I thought long and hard about writing this. After all, I want to raise young people’s self-esteem, not dash it into the ground. I know each generation develops its own “youth language” to separate itself from the old fogey nation. The generations before mine had terms like 23 skidoo, she’s the bee’s knees, that’s the berries, classy chassis, hep cat, hipster, cool cat, square, copping a bit, getting your kicks, wigging out, and on and on.

My generation had far out, bummer, main squeeze, bad (meaning awesome as in “bad to the bone”), blitzed, funky, groovy, bogart (meaning to steal) aka rip off; from the drug culture we had weed, acid, stoned, doper/stoner, upper, downer, flying, crashing; and from the war, in country (to be in Vietnam), Indian country (enemy held territory), dee dee (run away), Charlie (from the military phonetics Victor Charlie for Viet Cong), FNG ( F_ing New Guy), and any number of colorful combinations of parentage and the “f” word... of course that was sort of pandemic in my generation and those of us who used it sparingly and seldom were considered square. Like people over 30, squares were not to be trusted.

I know the list is long compared to the previous one. Sue me... I know more about this that previous generations’ slanguage. Besides, I gave you only a smattering of it. I’ve forgotten a lot of it. That happens when you get a little age and realize that the rest of the world, particularly those in charge of hiring, neither use nor care for what they see as uncouth and common. Therefore, as one matures, one realizes that vulgarities and plebeian language doesn’t elevate one in esteem or salary. One chooses to embrace a more cultured approach. How’s that for a pompous string of words?

That brings us to today’s slanguage of the younger generation. Who decided every sentence has to be started with “so?” And why is everything :literally” this or that? And do you have to say “I mean” before you tell us what you mean? Every time? Oh, and by the way, not everything is “epic.” And, call your buddies “dude.” I’m not your buddy and I am most certainly not a “dude.” And please, please, stop with the “OMG,” girls, every time you think you need to express surprise, as in, “OMG did you see what she was wearing?!” Unless she wore a thong and a bra to class, it doesn’t require an OMG.

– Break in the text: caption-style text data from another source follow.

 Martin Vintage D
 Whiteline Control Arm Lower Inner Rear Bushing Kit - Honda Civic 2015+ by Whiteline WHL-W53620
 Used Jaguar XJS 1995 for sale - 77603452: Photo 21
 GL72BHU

I won’t mention “totally.” Oh yes I will. It’s right up there with “literally.” Very few things are “totally” anything. And for those of you who are wont to say it, you can’t “literally die” and still be walking around. No, Virginia, zombies aren’t real. The only thing eating your brain is that little screen on your cell phone... and please, for your sake and everybody else’s, put that damn thing down when you’re behind the wheel of that two ton wrecking ball. You “literally” could die texting while driving. Seriously. (Oh, and that is a proper usage of that term).

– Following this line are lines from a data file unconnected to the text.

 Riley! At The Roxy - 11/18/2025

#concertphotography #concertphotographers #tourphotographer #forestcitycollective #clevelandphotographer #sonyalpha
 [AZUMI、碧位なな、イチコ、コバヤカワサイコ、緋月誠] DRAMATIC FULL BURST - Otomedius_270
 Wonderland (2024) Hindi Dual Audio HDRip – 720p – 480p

And guys, stop using random unless something really is random. Very few people make “random comments” unless they’re on a psychiatric ward, drunk, or stoned. Also, you don’t make out with “some random girl,” and if you do, I hope you’re carrying protection or you might come home with some random gift you really don’t want. Then you’ll have to visit some random doctor who will give you an antibiotic in a not so random spot and you’ll probably limp for a day or two, which might elicit some random barbs from your not so random buddies, and that’s totally humiliating.

Last, but by no means least, will y’all please quit using acronyms on social media. I’m really getting sick of having to guess at what you are trying to convey or having to Google it. If I wanted to immerse myself in a sea of acronyms, I’d go back to consulting with DoD, EPA, DOE, ICE, OSHA, NASA, WSMR, LANL, LLNL, ORNL, FDA, DEQ, NGB and DNRC on P2, CERCLA,SPCCP, SWMP, EPCRA, TRI, SW, SDWA, NEPA, QRP, HAZWOPER, SUMRA, SUMSA, FLPMA, among others. Seriously. I mean it. Literally. Hmmm.... I've finally reached fogeydom. ROFLMAO!